Inevitably, a serious incident like this one provokes fundamental questions about the role of zoos and how they operate. The HSUS has been asked to comment, and we have joined other observers in criticizing zoo officials for not maintaining facilities that meet its own industry’s standards. Zoo officials concede that they made a terrible mistake, and other zoo directors no doubt have their tape measures out and are assessing the suitability and dimensions of their carnivore enclosures.
But there is more to the story than wall heights and animal escapes. A core concern of mine is that many zoo directors and other staff at AZA-accredited zoos feel the need to maintain tremendous species diversity at their facilities, presumably to compete with their peer institutions and to meet the presumed wishes of their patrons.
For example, almost all major zoos feel the need to have elephants, even though it is virtually impossible to account for their physical and psychological needs. Then we have Arctic animals like polar bears in cities in subtropical latitudes. Certain animals should just not be kept in zoos.

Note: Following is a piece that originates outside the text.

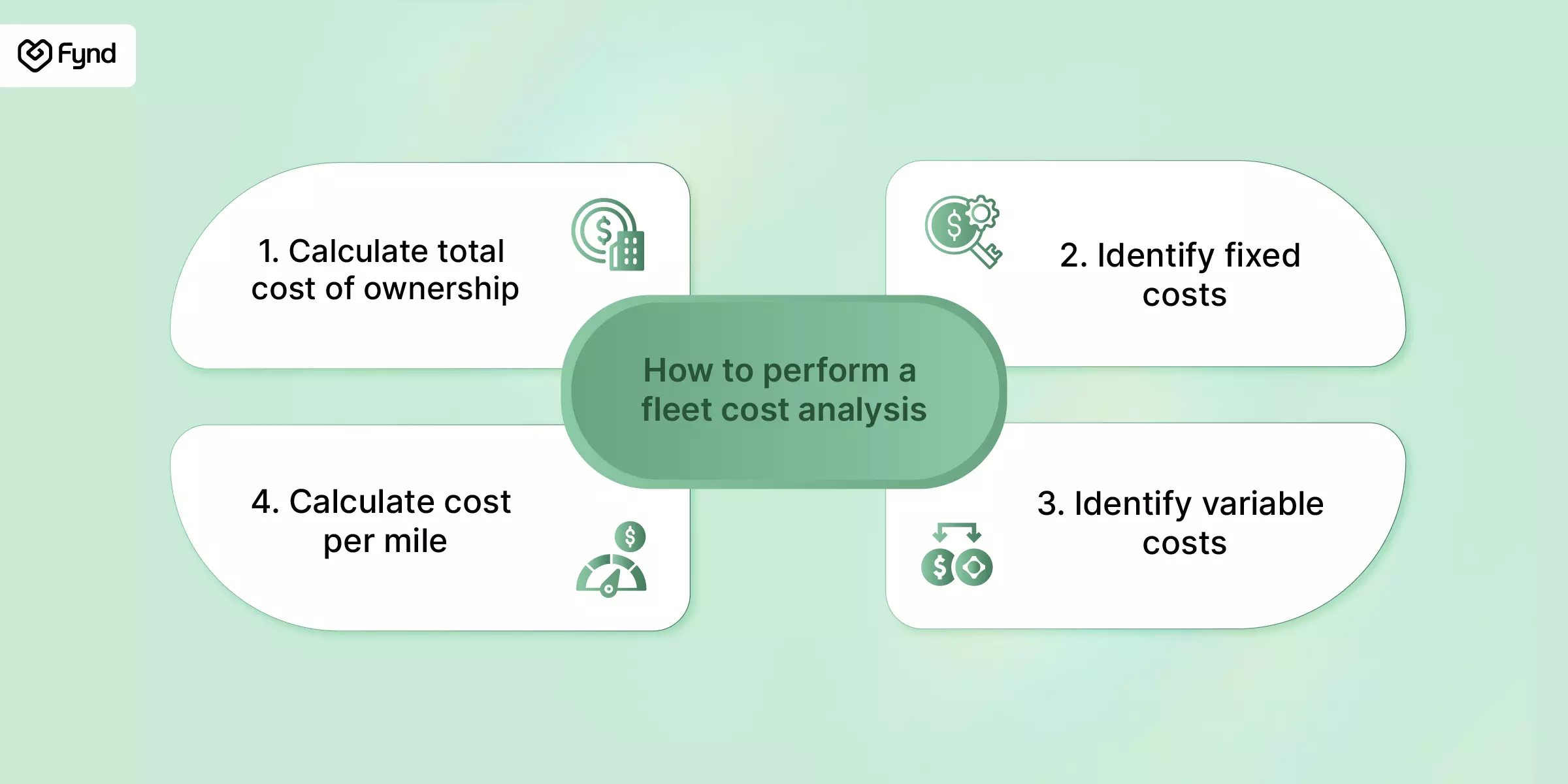 How to perform a fleet cost analysis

With an incredible assortment of the world’s megafauna being housed in exhibits on relatively small pieces of real estate in our major cities, it is a difficult challenge indeed to house and care for these creatures. Many zoos, funded by a mix of private and public funds, are having difficulty meeting their financial needs, especially as cities and counties cut funds in order to balance budgets. Funding limits compromise the ability of zoos to keep up and to maintain the highest animal care and safety standards, which often evolve and become more demanding as we learn more about animal species and their needs.
And let’s face it: the San Francisco Zoo and the other accredited zoos are the professional elites in this realm. While AZA accredits about 200 zoos, there are another 2,000 roadside zoos and menageries that are not accredited. At these facilities, hucksters and profiteers house wildlife in deplorable settings, bring virtually no quality science or care to their operations, and pay little or no attention to proper procurement or disposition of the animals. And then there are the circuses, carting elephants, lions, tigers, and other dangerous exotic animals from city to city in traveling roadshows, keeping the animals chained up or caged for much of their lives outside of the circus ring performances. They are appalling and unethical operations that masquerade as legitimate caretakers of wild animals.
Add to that the tens of thousands of private citizens who keep wildlife as pets. By and large, these individuals also typically have little or no professional expertise and insufficient veterinary or animal care resources. They are risk-takers and novelty-seekers, and they often have no idea what they are getting into. As the animals grow into adults, they often languish in backyards or basements, and inevitably these animals threaten their owners or the other people who live in the community. Every week or two, I read of reports of big cats, bears, primates, or large reptiles or venomous snakes escaping or mauling or otherwise threatening or harming someone. While most states prohibit it, keeping a tiger as a pet is still legal in a number of states, including North Carolina, Ohio, and Wisconsin (unless the locality has adopted stricter rules).
Accredited zoos are here to stay, but they can do better. And the professional zoo industry should unite with the humane community to eradicate roadside zoos, circuses that use exotic wildlife, and private ownership of wildlife, especially of dangerous exotics. The case of Tatiana shows us that even the top institutions fall short, and it lays bare the broader crisis in our treatment of captive wildlife in America.